MOSCOW, Nov. 28 (Xinhua) — The volume of consumer loan restructuring in Russia surged 79 percent year over year in the second and third quarters of 2025, the Central Bank of Russia said Thursday in a financial stability report.
The slowdown in the Russian economy, even amid cuts to the key interest rate, has pushed credit risks for households and businesses to the forefront, the report noted, adding that while vulnerabilities continue to accumulate, there has been no sharp spike in loan delinquencies.
According to the report, persistently high demand for restructuring reflects ongoing difficulties among borrowers in servicing their debt obligations.

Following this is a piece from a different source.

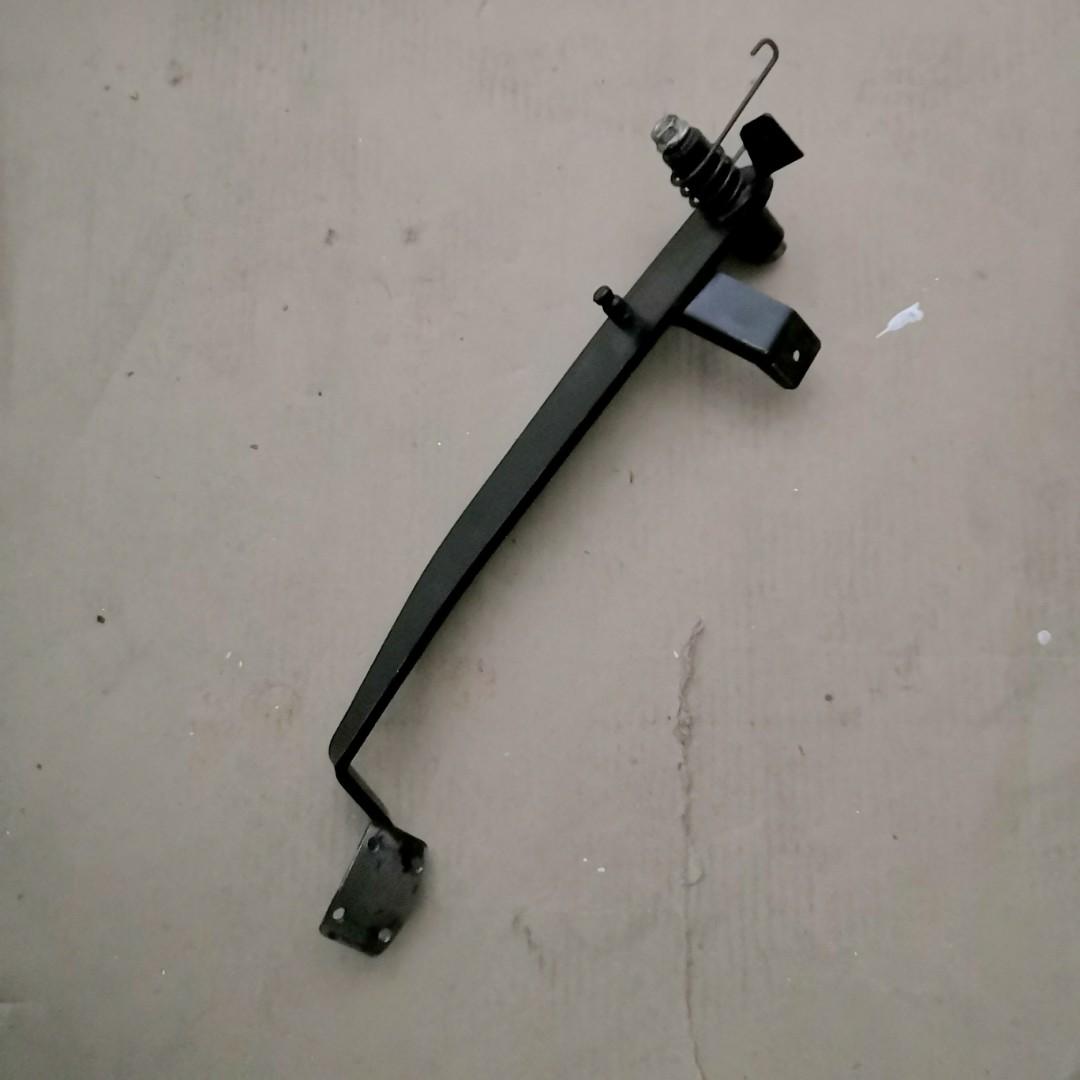 PJS Lowered Clutch Pedal, Car Accessories, Accessories on Carousell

In early September, German Gref, CEO of state-owned Sberbank, stated that the Russian economy was likely to enter a phase of “technical stagnation” in the second quarter of 2025, with data for July and August indicating growth close to zero.
By the end of the third quarter of the year, restructuring carried out over the previous six months accounted for 3.6 percent of the country’s unsecured consumer loan portfolio, said the report.
It also pointed out that while early-stage delinquencies on newly issued loans have decreased, the level remains elevated, with borrowers with a debt-to-income ratio above 50 percent being the most likely to fall behind on payments.
However, Deputy Governor of the Central Bank of Russia Philipp Gabunia said that under the central bank’s baseline scenario of gradual monetary easing in 2026, corporate debt burdens are expected to ease, and most companies are likely to maintain resilience even if profits weaken.